**Exercise inputs:**

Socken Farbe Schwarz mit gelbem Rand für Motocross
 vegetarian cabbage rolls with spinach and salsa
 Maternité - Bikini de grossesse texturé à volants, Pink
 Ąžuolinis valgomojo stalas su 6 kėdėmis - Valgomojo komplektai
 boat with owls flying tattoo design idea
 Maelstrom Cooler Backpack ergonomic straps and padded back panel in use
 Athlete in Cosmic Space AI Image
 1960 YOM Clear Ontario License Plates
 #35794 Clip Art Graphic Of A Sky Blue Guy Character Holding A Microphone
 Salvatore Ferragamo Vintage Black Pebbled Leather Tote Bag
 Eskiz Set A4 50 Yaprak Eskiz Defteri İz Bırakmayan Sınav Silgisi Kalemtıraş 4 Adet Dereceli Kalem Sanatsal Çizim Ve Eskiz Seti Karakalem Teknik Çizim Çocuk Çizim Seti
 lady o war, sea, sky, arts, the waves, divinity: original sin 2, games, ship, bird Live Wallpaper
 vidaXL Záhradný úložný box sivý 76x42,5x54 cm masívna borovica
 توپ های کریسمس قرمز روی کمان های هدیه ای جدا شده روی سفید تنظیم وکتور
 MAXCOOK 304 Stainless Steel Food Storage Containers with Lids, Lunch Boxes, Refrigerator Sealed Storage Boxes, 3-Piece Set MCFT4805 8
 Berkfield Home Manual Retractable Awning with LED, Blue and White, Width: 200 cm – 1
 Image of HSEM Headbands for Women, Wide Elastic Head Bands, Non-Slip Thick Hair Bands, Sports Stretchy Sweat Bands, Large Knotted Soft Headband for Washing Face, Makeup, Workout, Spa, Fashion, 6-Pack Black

**Activity:**
What lines in the material mention "with"? Copy every one of them.

**Task answer:**
 vegetarian cabbage rolls with spinach and salsa
 boat with owls flying tattoo design idea
 MAXCOOK 304 Stainless Steel Food Storage Containers with Lids, Lunch Boxes, Refrigerator Sealed Storage Boxes, 3-Piece Set MCFT4805 8
 Berkfield Home Manual Retractable Awning with LED, Blue and White, Width: 200 cm – 1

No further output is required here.